Member of the Legislative Yuan
- Incumbent
- Assumed office 1 February 2024
- Preceded by: Hsu Chih-jung [zh]
- Constituency: Miaoli County 2

Mayor of Miaoli City
- In office 25 December 2018 – 31 January 2024
- Preceded by: Chiu Ping-kun
- Succeeded by: Yeh Chih-hang (acting) Yu Wen-chung

Miaoli County Councilor
- In office 25 December 2014 – 24 December 2018
- Constituency: District 1 (Miaoli City, Gongguan, Touwu)

Personal details
- Born: 7 December 1971 (age 54) Miaoli County, Taiwan
- Party: Kuomintang
- Education: National Chi Nan University (MBA)

= Chiu Chen-chun =

Taiwanese politician (born 1971)

Chiu Chen-chun (邱鎮軍; born 7 December 1971) is a Taiwanese politician. He was a member of the Miaoli County Council from 2014 to 2018, when he was elected mayor of Miaoli. Chiu served as mayor until his 2024 election to the Legislative Yuan.

==Early life and education==
Chiu served in the Republic of China Military Police.
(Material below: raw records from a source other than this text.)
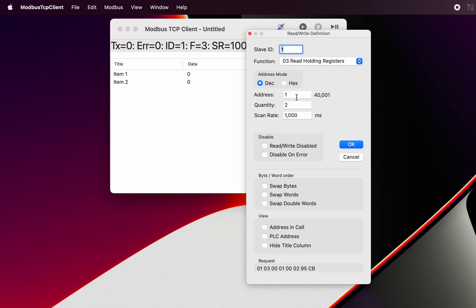We can see here the address, which address and how many registers. So each register is 16 bits. Here we can see we are requesting two registers.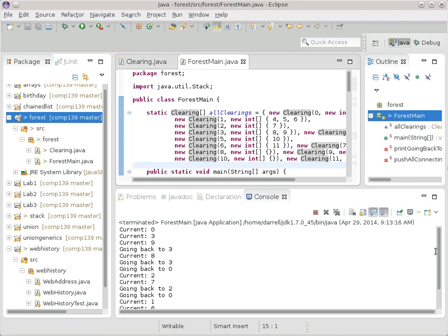Let's give that a try. It does zero, three, nine, going back to three, then current is eight, going back to three, back to zero, current is two, current is seven, back to two, back to zero — and it works just fine. So now we've got it reporting where it is along the way.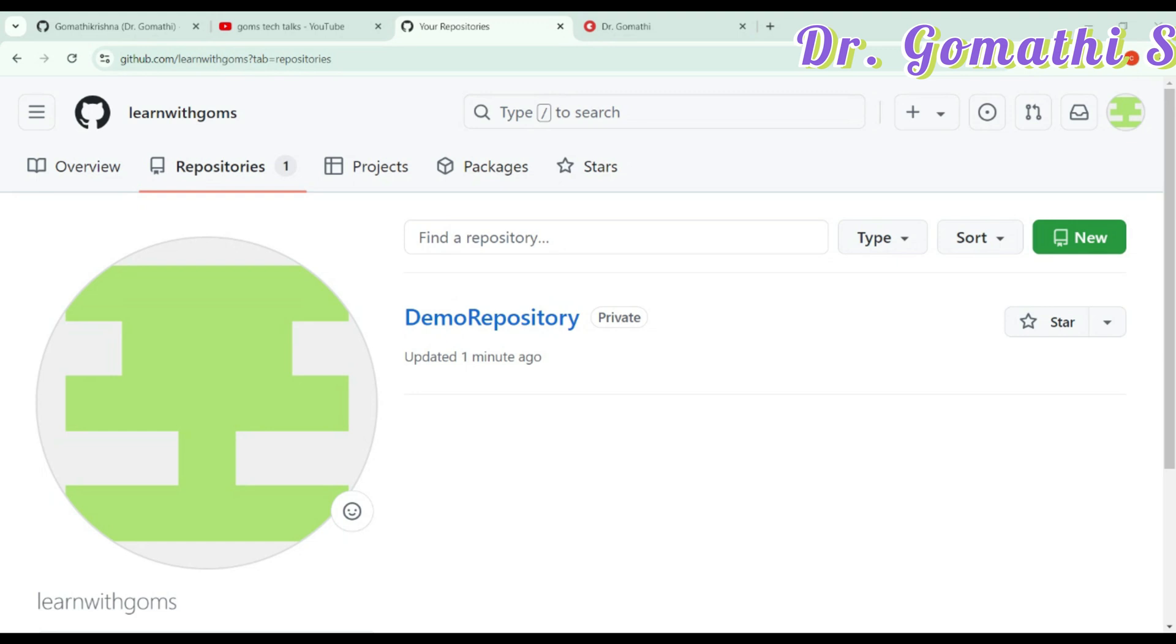Whether you are working on a class project, building a coding portfolio or contributing to open source, GitHub is the perfect place to start. Get coding and let GitHub take you to the next level. Thanks for watching and happy coding. I'll meet you soon with the next exciting video. Thank you. Take care and bye-bye.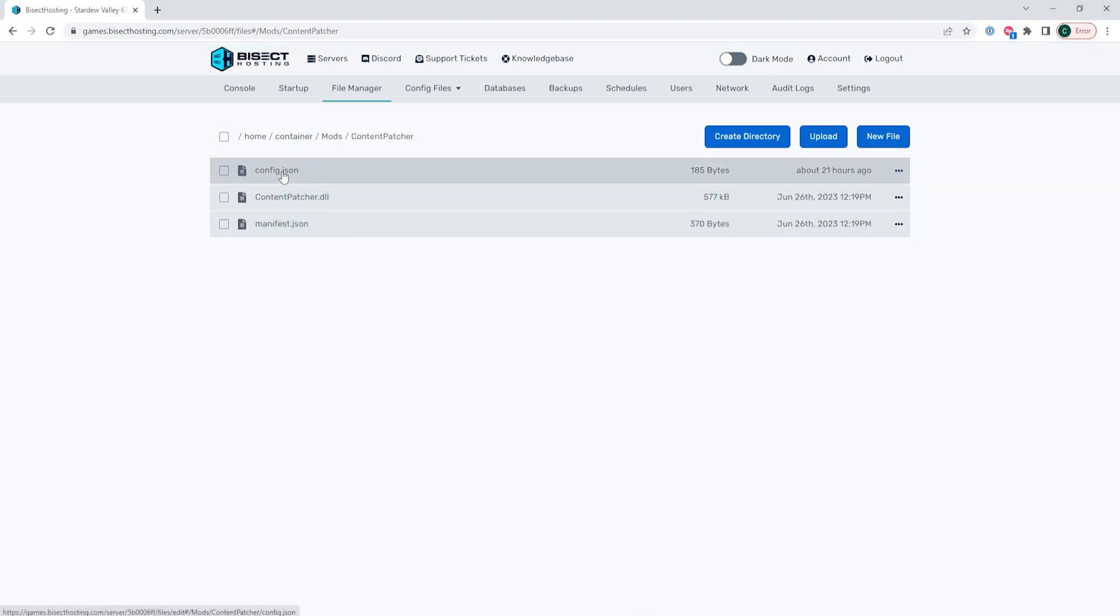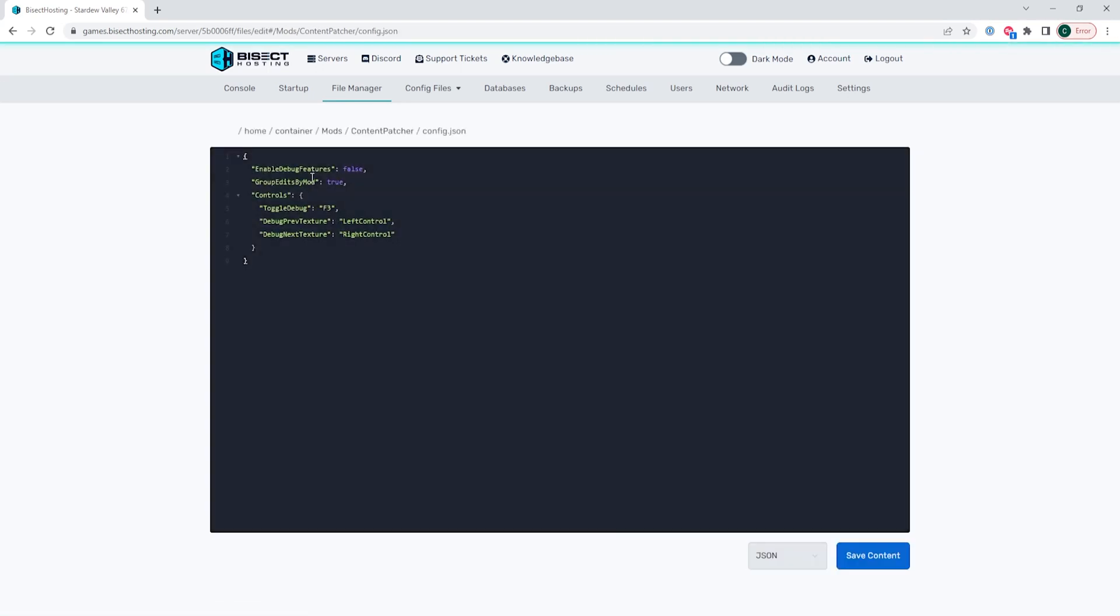Once here we are going to look for the config.json file and when we are in here we are going to change any file settings we would like for this mod and then we're going to choose the save content button.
He earned a Master of Business Administration (M.B.A.) from National Chi Nan University. Chiu and his wife Chan Mei-chuan each owned arcades in Miaoli from 2012 to the start of Chiu's political career, when ownership of both entities were transferred to Cheng Tsu-wei.

==Political career==
Chiu won a seat on the Miaoli County Council in 2014, leading all candidates in vote share. In 2018 and 2022, Chiu was elected mayor of Miaoli. In May 2023, Chiu won a Kuomintang party primary against Hsu Yao-chang, during which he was endorsed by sitting legislator Hsu Chih-jung, and defeated independent Miaoli County Councilor Tseng Wen-hsueh in the 2024 legislative election.

===Recall campaign===
In February 2025, over 200 Taiwanese authors released a statement supporting campaigns to prevent legislators from destroying Taiwanese literature. Author Li Chiao took leadership of the campaign to recall Chiu, stating, “Legislators should serve the people, not betray their constituents and harm the local community.”